- _Available data_
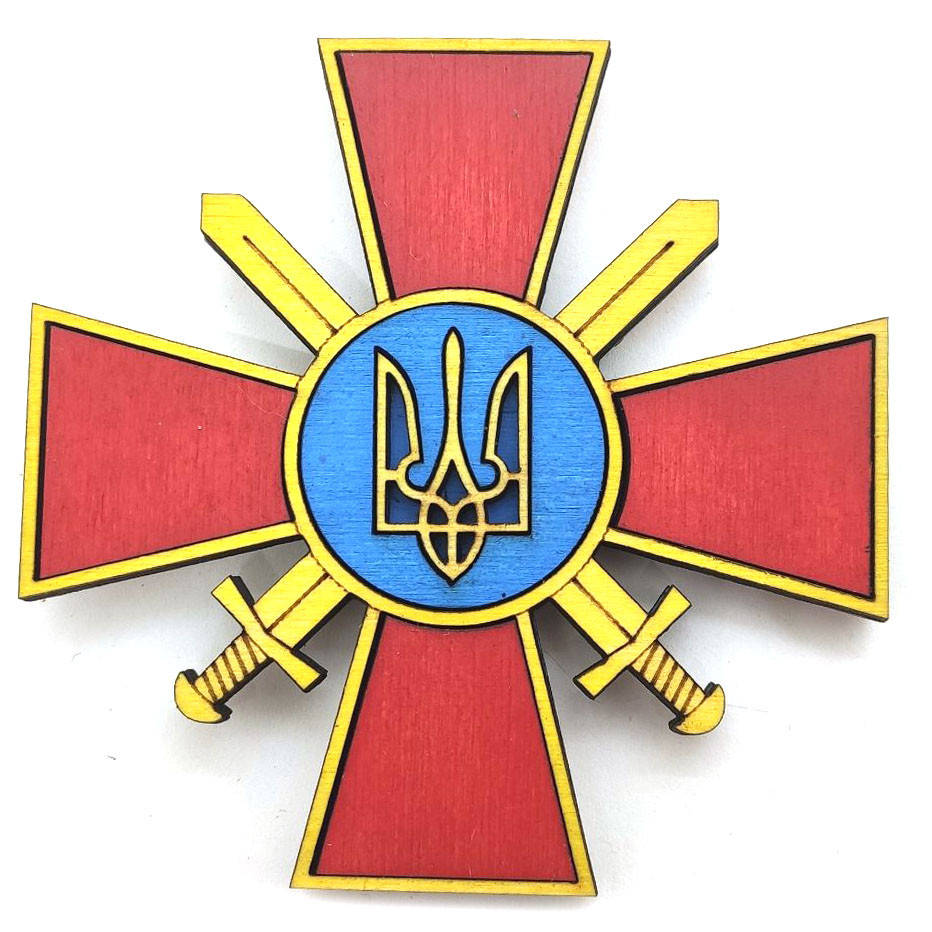 

Магнит ВСУ "Эмблема Сухопутных Войск Украины" 8х8 см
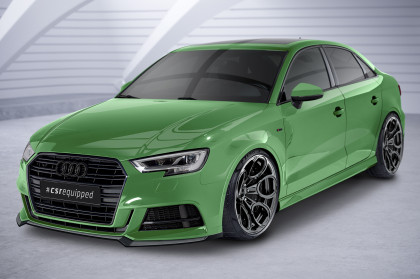 Spoiler pod přední nárazník CSR CUP pro Audi A3 S-Line / S3 8V - carbon look lesklý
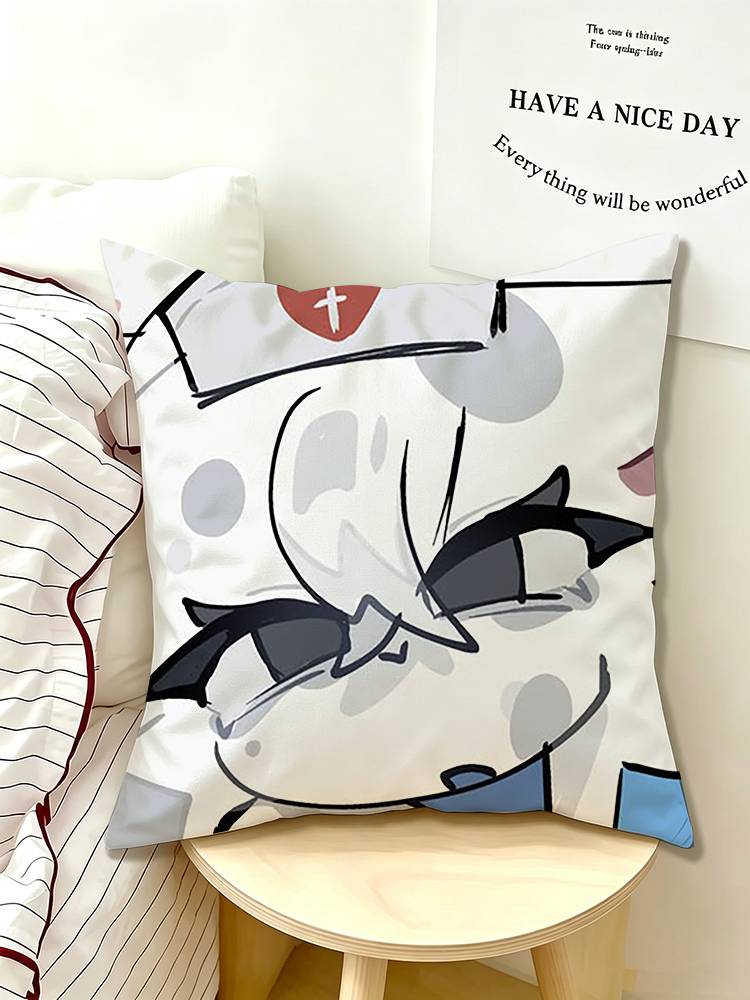 CUTE Animal hospital head nurse Pillow Case Pattern Printed Pillowcase For Living Room Sofa Cushion Cover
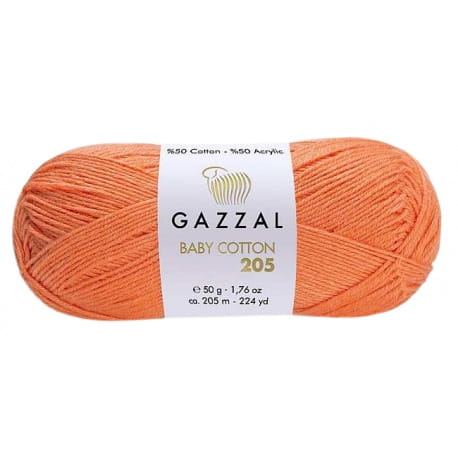 Gazzal Baby Cotton 205 oranż 505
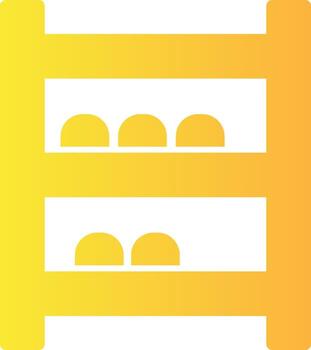 Shoe Rack Solid Multi Gradient Icon vector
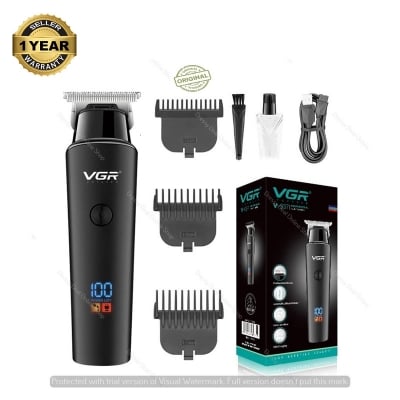 Picture of VGR V-937 Cord and Cordless Multifunction Trimmer and Hair Clipper with Metal Body Type C Fast Charing and Digital display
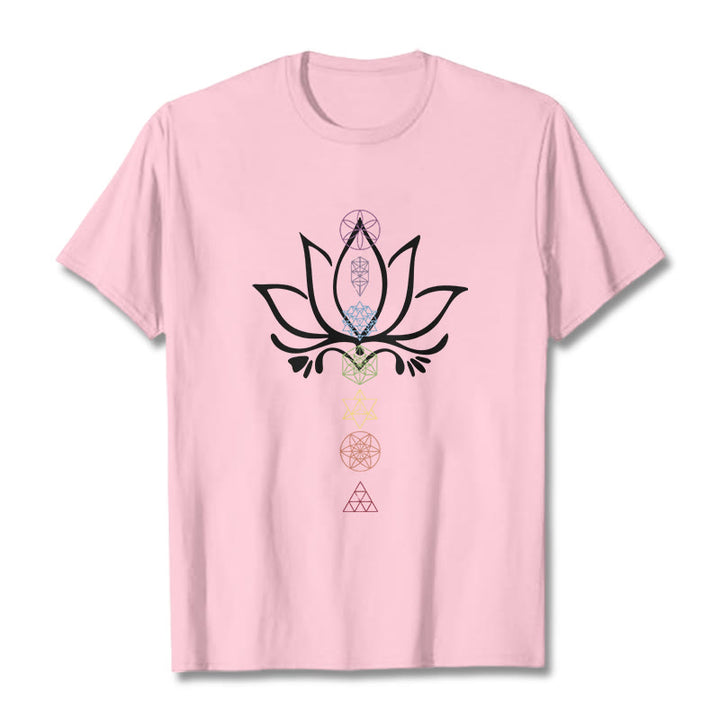 Buddha Stones Lotus Sacred Geometry Tee T-shirt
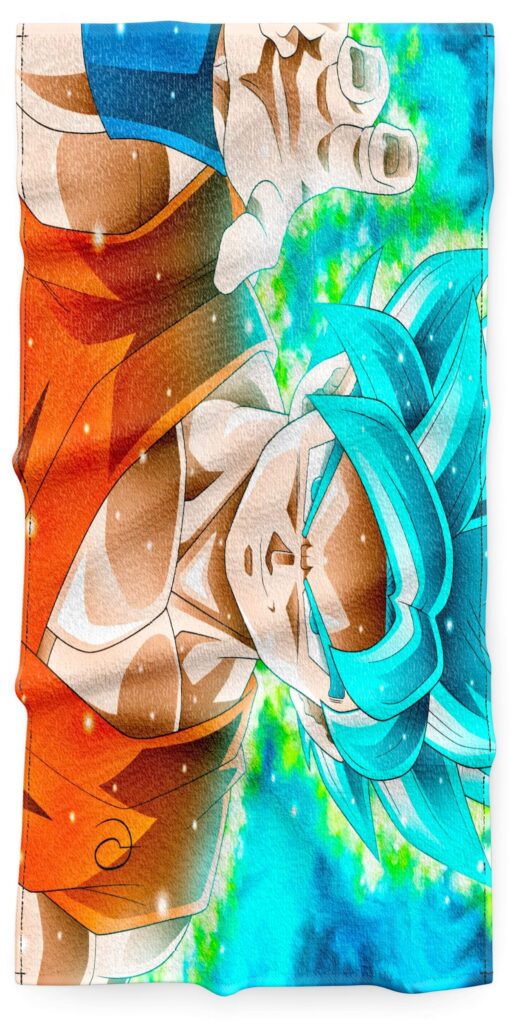 Serviette Dragon Ball Son Goku Super Saiyan Blue DBZ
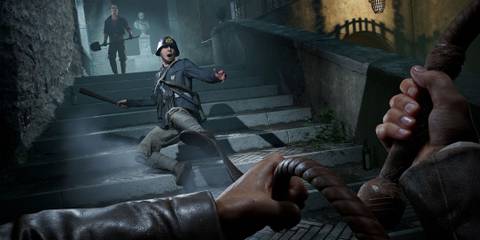 Indy fighting some enemies in a building - Indiana Jones And The Great Circle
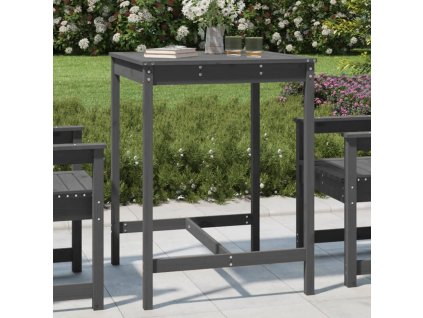 Zahradní stůl šedý 82,5 x 82,5 x 110 cm masivní borové dřevo 824083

- _How to complete this task_
Only lines from the one holding "Picture of VGR" through the last line of the entries above are wanted, both ends included, each retyped exactly; no pictures.

- _Result of the exercise_
 Picture of VGR V-937 Cord and Cordless Multifunction Trimmer and Hair Clipper with Metal Body Type C Fast Charing and Digital display
 Buddha Stones Lotus Sacred Geometry Tee T-shirt
 Serviette Dragon Ball Son Goku Super Saiyan Blue DBZ
 Indy fighting some enemies in a building - Indiana Jones And The Great Circle
 Zahradní stůl šedý 82,5 x 82,5 x 110 cm masivní borové dřevo 824083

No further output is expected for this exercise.